----- Source data -----

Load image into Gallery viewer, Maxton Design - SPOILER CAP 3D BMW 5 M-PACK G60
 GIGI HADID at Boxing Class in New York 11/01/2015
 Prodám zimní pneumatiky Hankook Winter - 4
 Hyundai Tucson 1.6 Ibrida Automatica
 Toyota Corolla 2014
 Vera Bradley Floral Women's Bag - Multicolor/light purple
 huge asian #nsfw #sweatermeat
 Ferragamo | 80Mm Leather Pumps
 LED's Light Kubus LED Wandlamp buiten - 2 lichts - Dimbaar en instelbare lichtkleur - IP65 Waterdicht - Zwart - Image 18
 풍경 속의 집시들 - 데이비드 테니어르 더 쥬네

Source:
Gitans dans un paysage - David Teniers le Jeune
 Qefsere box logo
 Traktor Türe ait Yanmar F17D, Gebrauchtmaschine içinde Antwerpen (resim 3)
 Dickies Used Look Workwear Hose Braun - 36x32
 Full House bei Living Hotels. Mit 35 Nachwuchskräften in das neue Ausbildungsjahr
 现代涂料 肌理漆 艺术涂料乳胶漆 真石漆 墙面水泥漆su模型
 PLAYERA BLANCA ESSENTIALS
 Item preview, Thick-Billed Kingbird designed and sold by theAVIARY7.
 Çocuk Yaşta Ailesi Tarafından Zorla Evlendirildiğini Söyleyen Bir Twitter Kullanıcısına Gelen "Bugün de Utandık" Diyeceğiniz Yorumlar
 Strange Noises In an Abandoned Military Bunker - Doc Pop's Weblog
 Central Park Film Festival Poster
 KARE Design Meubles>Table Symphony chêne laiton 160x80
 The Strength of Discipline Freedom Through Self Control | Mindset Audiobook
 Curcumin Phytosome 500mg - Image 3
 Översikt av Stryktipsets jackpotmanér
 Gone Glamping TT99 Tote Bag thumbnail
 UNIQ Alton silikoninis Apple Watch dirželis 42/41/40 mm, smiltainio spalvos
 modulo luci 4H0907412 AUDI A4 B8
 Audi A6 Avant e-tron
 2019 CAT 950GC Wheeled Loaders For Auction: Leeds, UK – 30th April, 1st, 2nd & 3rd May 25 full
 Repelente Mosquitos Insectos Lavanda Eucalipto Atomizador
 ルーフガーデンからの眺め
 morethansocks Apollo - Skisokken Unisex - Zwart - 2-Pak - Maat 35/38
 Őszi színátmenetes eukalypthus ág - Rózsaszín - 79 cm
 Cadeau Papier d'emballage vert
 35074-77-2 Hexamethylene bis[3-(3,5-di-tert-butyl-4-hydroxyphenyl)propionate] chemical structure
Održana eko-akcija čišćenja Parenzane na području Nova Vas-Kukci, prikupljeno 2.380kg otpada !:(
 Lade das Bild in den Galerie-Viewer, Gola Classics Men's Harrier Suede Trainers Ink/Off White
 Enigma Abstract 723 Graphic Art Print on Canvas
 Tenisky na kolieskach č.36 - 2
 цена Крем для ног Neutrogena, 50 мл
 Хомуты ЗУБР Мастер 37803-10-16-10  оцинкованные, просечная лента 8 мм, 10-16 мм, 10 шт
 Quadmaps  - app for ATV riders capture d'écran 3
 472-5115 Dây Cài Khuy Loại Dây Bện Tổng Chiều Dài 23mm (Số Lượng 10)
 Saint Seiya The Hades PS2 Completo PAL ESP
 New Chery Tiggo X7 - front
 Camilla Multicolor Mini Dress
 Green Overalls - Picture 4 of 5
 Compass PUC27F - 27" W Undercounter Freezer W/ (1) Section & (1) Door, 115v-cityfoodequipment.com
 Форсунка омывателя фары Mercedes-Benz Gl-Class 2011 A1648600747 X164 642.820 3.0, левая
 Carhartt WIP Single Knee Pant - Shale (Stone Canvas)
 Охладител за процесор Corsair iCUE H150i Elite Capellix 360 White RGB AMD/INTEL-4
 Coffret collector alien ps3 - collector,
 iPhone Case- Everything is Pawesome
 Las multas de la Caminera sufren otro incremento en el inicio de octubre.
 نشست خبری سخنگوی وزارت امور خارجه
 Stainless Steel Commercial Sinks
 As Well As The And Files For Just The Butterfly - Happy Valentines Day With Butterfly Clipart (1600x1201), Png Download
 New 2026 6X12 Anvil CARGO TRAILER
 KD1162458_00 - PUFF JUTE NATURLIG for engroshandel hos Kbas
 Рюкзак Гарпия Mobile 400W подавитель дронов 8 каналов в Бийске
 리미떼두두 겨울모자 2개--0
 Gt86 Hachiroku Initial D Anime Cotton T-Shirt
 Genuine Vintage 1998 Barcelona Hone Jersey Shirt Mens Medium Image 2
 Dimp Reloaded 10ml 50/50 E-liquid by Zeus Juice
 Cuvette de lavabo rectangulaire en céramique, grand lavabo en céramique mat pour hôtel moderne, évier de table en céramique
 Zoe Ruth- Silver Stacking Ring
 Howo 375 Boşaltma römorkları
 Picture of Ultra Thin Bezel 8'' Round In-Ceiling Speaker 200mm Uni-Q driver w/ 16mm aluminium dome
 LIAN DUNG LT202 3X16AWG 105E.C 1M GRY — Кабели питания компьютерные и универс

-----

Task » From the records above, extract exactly and only the lines that begin at the line with "LED's Light Kubus" and stop after the line with "Camilla Multicolor Mini Dress".

Solution to this task »
 LED's Light Kubus LED Wandlamp buiten - 2 lichts - Dimbaar en instelbare lichtkleur - IP65 Waterdicht - Zwart - Image 18
 풍경 속의 집시들 - 데이비드 테니어르 더 쥬네

Source:
Gitans dans un paysage - David Teniers le Jeune
 Qefsere box logo
 Traktor Türe ait Yanmar F17D, Gebrauchtmaschine içinde Antwerpen (resim 3)
 Dickies Used Look Workwear Hose Braun - 36x32
 Full House bei Living Hotels. Mit 35 Nachwuchskräften in das neue Ausbildungsjahr
 现代涂料 肌理漆 艺术涂料乳胶漆 真石漆 墙面水泥漆su模型
 PLAYERA BLANCA ESSENTIALS
 Item preview, Thick-Billed Kingbird designed and sold by theAVIARY7.
 Çocuk Yaşta Ailesi Tarafından Zorla Evlendirildiğini Söyleyen Bir Twitter Kullanıcısına Gelen "Bugün de Utandık" Diyeceğiniz Yorumlar
 Strange Noises In an Abandoned Military Bunker - Doc Pop's Weblog
 Central Park Film Festival Poster
 KARE Design Meubles>Table Symphony chêne laiton 160x80
 The Strength of Discipline Freedom Through Self Control | Mindset Audiobook
 Curcumin Phytosome 500mg - Image 3
 Översikt av Stryktipsets jackpotmanér
 Gone Glamping TT99 Tote Bag thumbnail
 UNIQ Alton silikoninis Apple Watch dirželis 42/41/40 mm, smiltainio spalvos
 modulo luci 4H0907412 AUDI A4 B8
 Audi A6 Avant e-tron
 2019 CAT 950GC Wheeled Loaders For Auction: Leeds, UK – 30th April, 1st, 2nd & 3rd May 25 full
 Repelente Mosquitos Insectos Lavanda Eucalipto Atomizador
 ルーフガーデンからの眺め
 morethansocks Apollo - Skisokken Unisex - Zwart - 2-Pak - Maat 35/38
 Őszi színátmenetes eukalypthus ág - Rózsaszín - 79 cm
 Cadeau Papier d'emballage vert
 35074-77-2 Hexamethylene bis[3-(3,5-di-tert-butyl-4-hydroxyphenyl)propionate] chemical structure
Održana eko-akcija čišćenja Parenzane na području Nova Vas-Kukci, prikupljeno 2.380kg otpada !:(
 Lade das Bild in den Galerie-Viewer, Gola Classics Men's Harrier Suede Trainers Ink/Off White
 Enigma Abstract 723 Graphic Art Print on Canvas
 Tenisky na kolieskach č.36 - 2
 цена Крем для ног Neutrogena, 50 мл
 Хомуты ЗУБР Мастер 37803-10-16-10  оцинкованные, просечная лента 8 мм, 10-16 мм, 10 шт
 Quadmaps  - app for ATV riders capture d'écran 3
 472-5115 Dây Cài Khuy Loại Dây Bện Tổng Chiều Dài 23mm (Số Lượng 10)
 Saint Seiya The Hades PS2 Completo PAL ESP
 New Chery Tiggo X7 - front
 Camilla Multicolor Mini Dress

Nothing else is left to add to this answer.